Learning to Overtake | Vineet Pasumarti

Learning to Overtake in Drone Racing via Recurrent Reinforcement Learning

Author: Vineet Pasumarti

We study the problem of enabling an autonomous drone to overtake a leading opponent in head-to-head racing. While single-agent reinforcement learning with simple feedforward policies suffice for minimizing lap time, these policies fail in competitive settings due to their inability to anticipate opponent motion. We propose a recurrent architecture that stacks a two-layer LSTM and four-layer MLP and extends the ego drone's observation with the full opponent state and is trained with Proximal Policy Optimization. Our results show significant improvements in overtaking performance, with the recurrent policy consistently outperforming pure feed-forward architectures in competitive racing scenarios.

Introduction

Autonomous drone racing presents a challenging reinforcement learning (RL) problem due to the importance of real-time decision making and high-speed control in the presence of an opponent. In single-agent time trials in simulation, effective policies that minimize lap time can be learned using simple feedforward neural networks (FNNs) and model-free RL with full access to the agent's true state. However, when the domain is expanded to multiple agents, where drones must react to and overtake opponents, naive implementations of these policies tend to fail, despite extending the observation space to include opponents' states. We attribute this failure to the non-stationary transition dynamics of the environment and a lack of temporal reasoning, which restricts the policy's ability to recognize patterns in opponent behavior and pilot accordingly.

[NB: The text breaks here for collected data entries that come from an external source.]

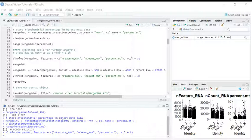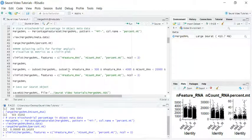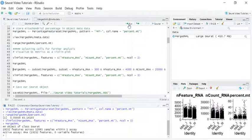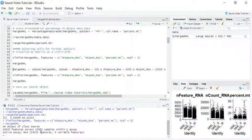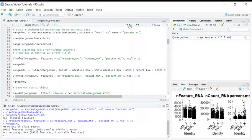We can use these parameters and the subset function to get rid of low-quality cells. Before we run the subset function, we can have a look at the cell numbers in our object. You can see we have 12,065 samples in our object. Let's run the subset function to get rid of low-quality cells.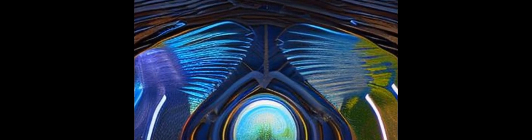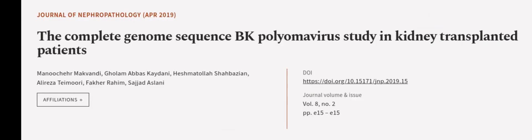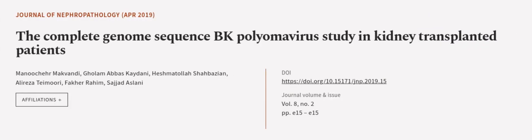This suggests that the virus is stable in the local population. This article was authored by Minutra Makhvandi, Ghalem Abbas Kedani, Hashmatullah Shabazian, and others.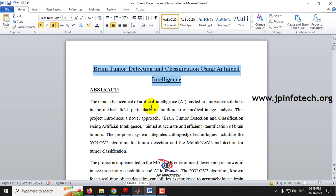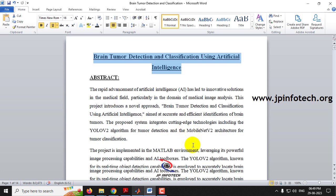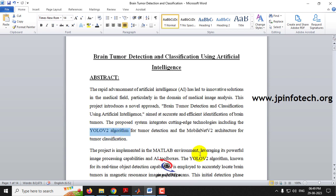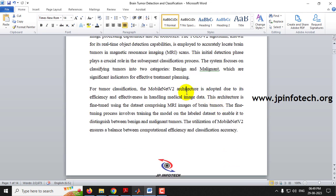Early detection of brain tumors will help protect human lives and benefit patients. In this project, we are going to implement brain tumor detection and classification using two different models: YOLOv2 algorithm for brain tumor detection, and MobileNetV2 architecture for tumor classification. The project is developed in the MATLAB environment with two classes — benign and malignant.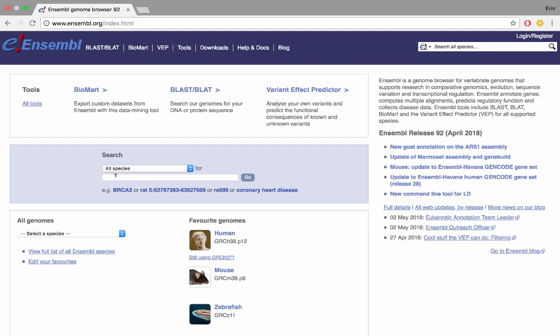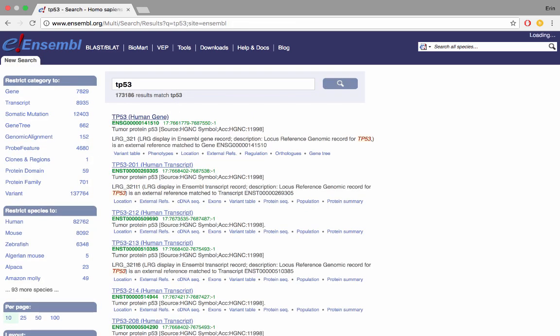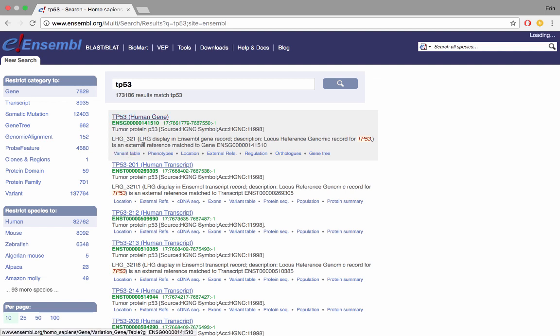Here I am on the Ensembl homepage, Ensembl.org. We have the header at the top with quick links to useful tools such as the VEP or BioMart, which are covered in other tutorials on our YouTube channel, as well as having documentation. If you're stuck at any point, you can access this from any page in Ensembl. We're going to be looking at the gene TP53, so I'm going to type that into the search box, the main one here in the center of the screen. I haven't specified a species, but as human is the most popular species in Ensembl, it comes up at the top. If I click on the gene name here, it'll take me straight to the gene tab.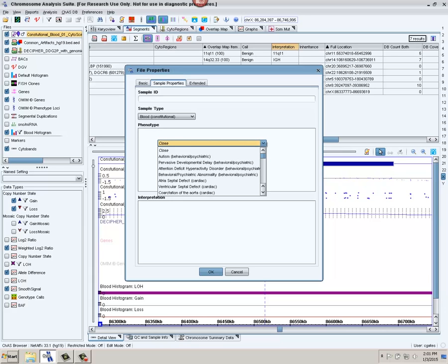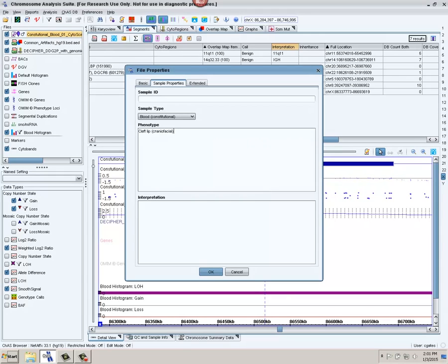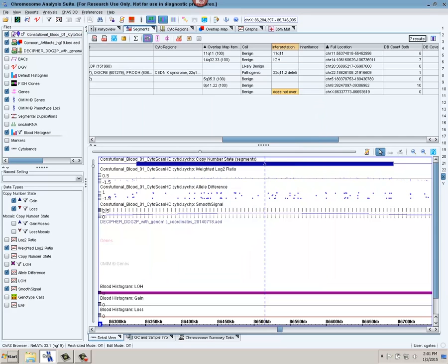And now I can add some sample level annotation to it. So I'm going to show that this was a blood sample. I can right-click in here to choose from a list of various phenotypes, or I can free type in a particular phenotype. My interpretation in this case is going to be, again, it's free text, so you can type in anything you want. I'm going to type in that it was a 22q11.2 deletion. Say okay. And now, by using my cytoregions and my overlap map, as well as the segments that I have in my database, I have quickly gone through and assigned some sort of call, whether it be benign or pathogenic, to each one of my segments, as well as an overall sample interpretation.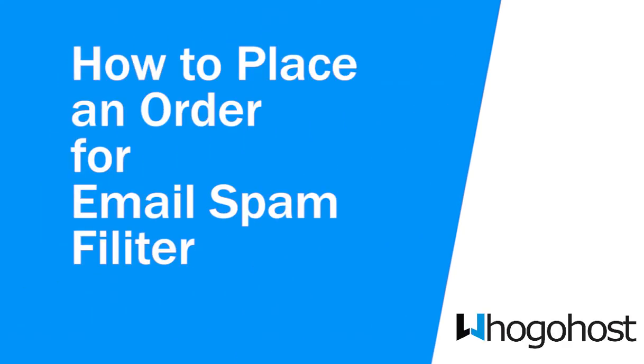Hello there! Here's a video on how to place an order for email spam filter. The email spam filter eliminates spam and viruses from inbound emails before they even reach your network.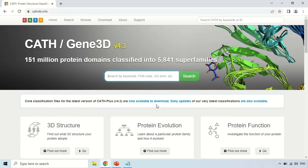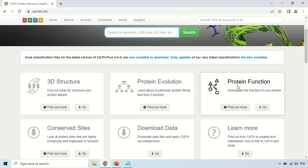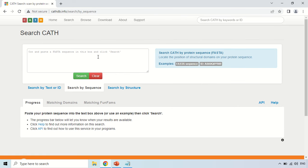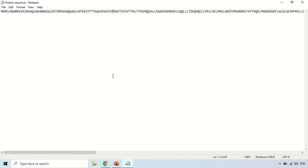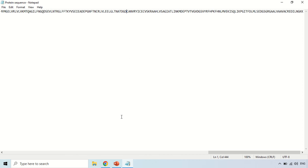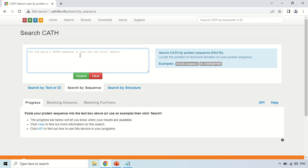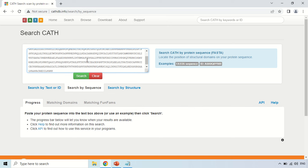To predict the domain in your protein and find its function, click under the protein section and click the GO option. In this section, it is asking for the FASTA sequence of your protein. You can either search by text, by ID, by sequence — if you have your own sequence — or by the structure of a particular protein. In this video, I am going to show you how to search by sequence.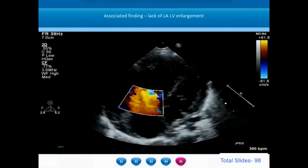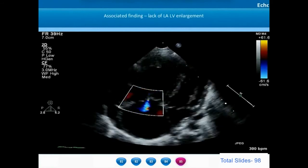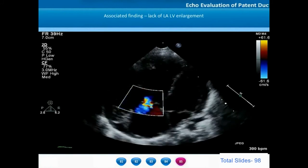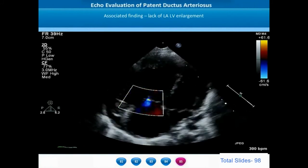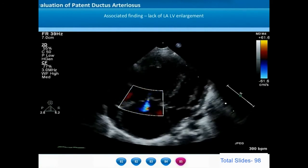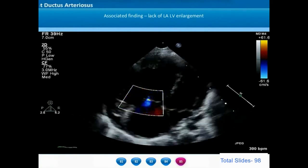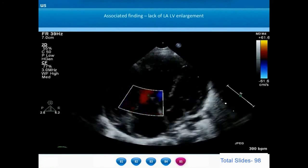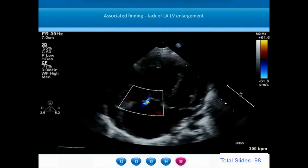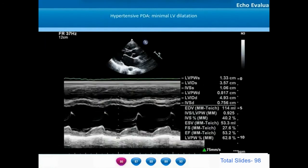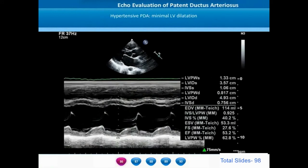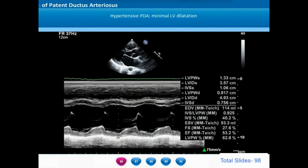On the apical four-chamber view of hypertensive PDA patients, there is no left atrial or left ventricular dilatation at all. On the contrary, the right atrium and right ventricle are distended, right ventricular systolic contractility is impaired, and there is tricuspid regurgitation due to reduced right ventricular systolic function and tricuspid annular dilatation. On M-mode, the left ventricle is not dilated and left ventricular dimensions are nearly normal.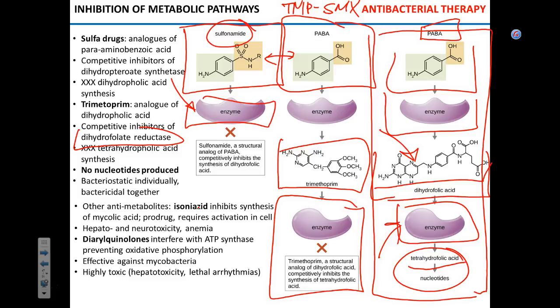These drugs are called antimetabolites — they inhibit different metabolic pathways. Another prominent antimetabolite is isoniazid. This drug is unique because it inhibits synthesis of mycolic acid, which mycobacteria absolutely require. The most prominent mycobacterium is tuberculosis, so isoniazid is a specific drug to treat tuberculosis and an important component of the entire TB treatment regimen.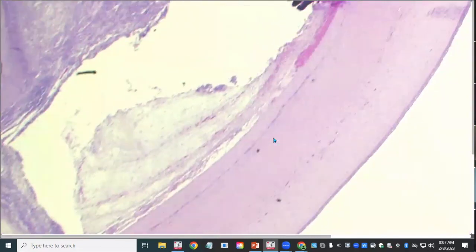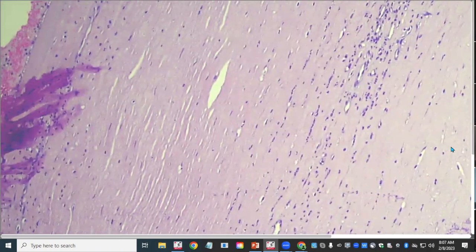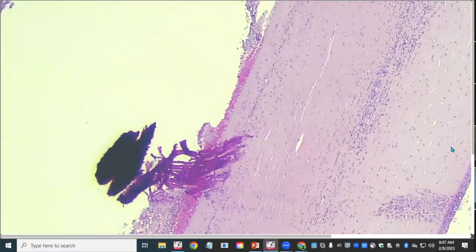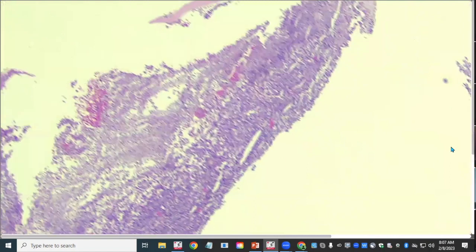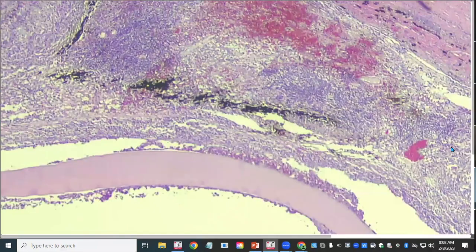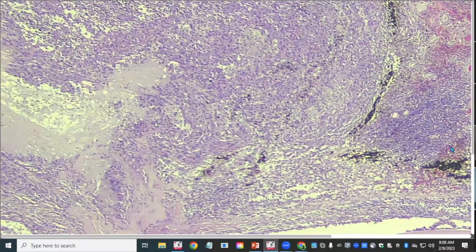At higher magnification, the cornea is really cellular — you can understand why clinicians couldn't see through it. There are blood vessels and lots of neutrophils, probably some edema. What's really relevant is all of these cells, which at this magnification look somewhat disorganized with no normal architecture.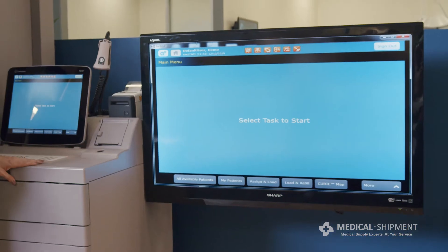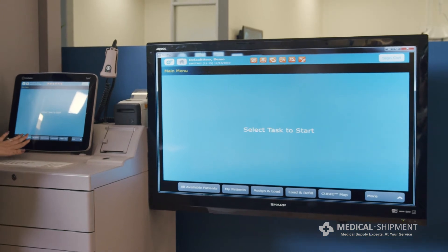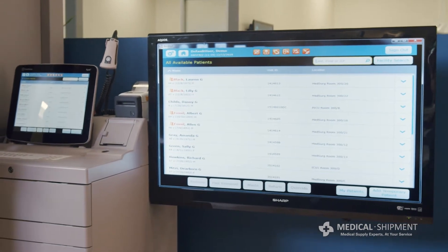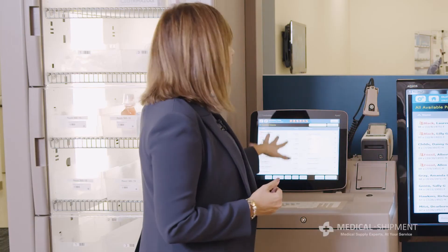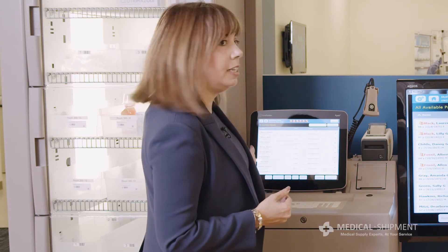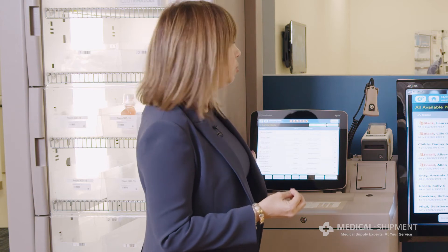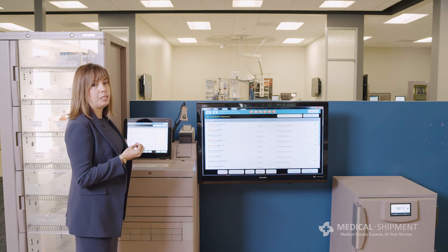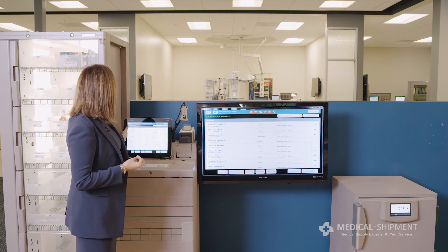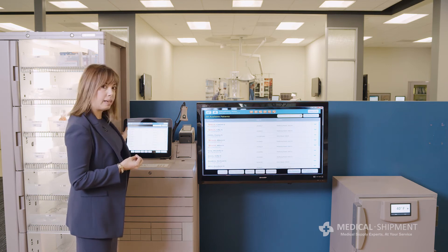Looking at the screen, I'm going to touch on all available patients. This brings me to the patients available to me on my assigned unit that I can now review. If you see here, there are some names highlighted in orange. This alerts me — and this is a nice safety feature of Pixis — that there are patients with the same name. It's a name alert that requires me as a nurse to be diligent in selecting any patients that have orange, like Lily and Lauren Black, for example.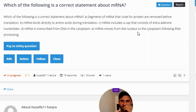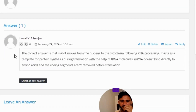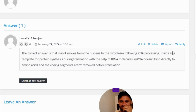The correct answer is that mRNA moves from the nucleus to the cytoplasm following RNA processing. It acts as a template for protein synthesis during translation.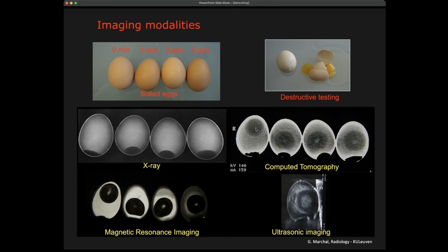With computed tomography, you can start to recognize internal structures — the yolk and the white — so you can see there are different types. However, CT cannot distinguish between boiled and non-boiled. The shell is very bright and highlighted, but we cannot discriminate different tissues. The reason is that X-ray based imaging images the atomic distribution — the local concentrations and types of atoms. When you boil an egg, you're not changing atomic concentration; you're changing the proteins, the shape of the molecules, the very local distribution and interaction of atoms.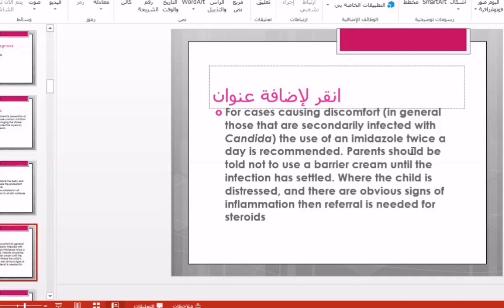There are also creams that contain a complex of multiple drugs — a steroid, antibacterial, and antifungal — all in one single tube. This type of cream should be avoided because of the steroid component, which is not an OTC medication and can only be given to the baby by the GP. Using such creams risks worsening the condition and converting it from simple irritation or inflammation to secondary bacterial or fungal infection.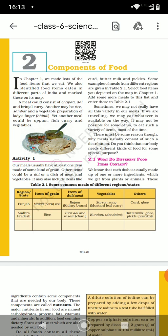Have you ever thought of this? The variety of food is required because different types of food will give you different types of nutrients. If you are taking rice, you are taking carbohydrates. If you are taking dal, you are taking proteins. Taking vegetables means you are taking vitamins. So children, we need all sorts of nutrients for a balanced diet.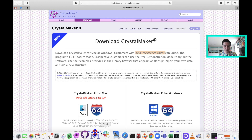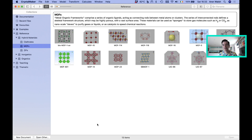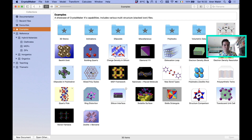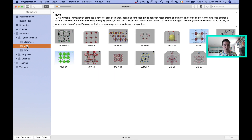When you first open the package, it usually brings up the collections panel. This is a range of different structures that the developers have found interesting, and it's a really good place to see the range of structures that occur in material science — both inorganic systems like minerals and organic systems including proteins. They're also showcasing the power of CrystalMaker, with examples of dislocation loops and interface structures. I'm going to show you one example, which is a metal-organic framework — a crystal built from organic and inorganic building blocks. I'm going to open up MOF-5.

To address this problem, we explore the use of recurrent neural networks (RNNs) in the form of Long Short-Term Memory (LSTM) in head-to-head drone racing on a life-size figure 8 track. We fix the opponent drone's policy and train the ego drone to overtake. Our proposed method augments the ego drone's observation space to include the full state of the opponent drone, in contrast to the standard setup that only includes the opponent's relative position. The policy network is then structured as a two-layer LSTM followed by a four-layer multilayer perceptron (MLP), enabling the agent to capture temporal patterns in both the opponent's trajectory and its own motion. Our results indicate that the recurrent architecture enables the ego drone to learn to anticipate and exploit the opponent's behavior.

Contributions

We show that pure-MLP policies that succeed in single-agent racing fail to perform in head-to-head racing despite fully observing the opponent state.
We introduce an RNN-based architecture that improves overtaking behavior and demonstrate it in simulation.
We include supplementary videos of the policies.

Background

On identical hardware, overtaking an opponent is oftentimes not a matter of achieving higher straight-line speed, but rather executing deliberate trajectories to surpass the opponent during turns. In motorsport, drivers are told to “carry more momentum” than the leading car when approaching an overtake. We define momentum as \( p = mv \). If two identical side-by-side vehicles approach a turn, the vehicle that maintains a greater forward velocity \( v \) through the turn exits with greater momentum \( p \), and therefore gains the positional advantage. The velocity, however, is constrained by its centripetal acceleration \( a_c \), as defined in (1):

\[ a_c = \frac{v^2}{r} \tag{1} \]

In motorsport, \( a_c \) is a function of the available lateral grip, typically modeled by a friction limit due to the track surface. In the context of drone racing, the same principles apply in three-dimensional space, only now with aerodynamic constraints that limit \( a_c \). From (1), it follows that maximizing the turn radius \( r \) allows for a higher cornering velocity \( v \). This motivates wide cornering lines for overtaking. A drone that can anticipate an opponent's future position will be better at selecting a wide or tight racing line that maximizes its exit speed and also avoids collisions.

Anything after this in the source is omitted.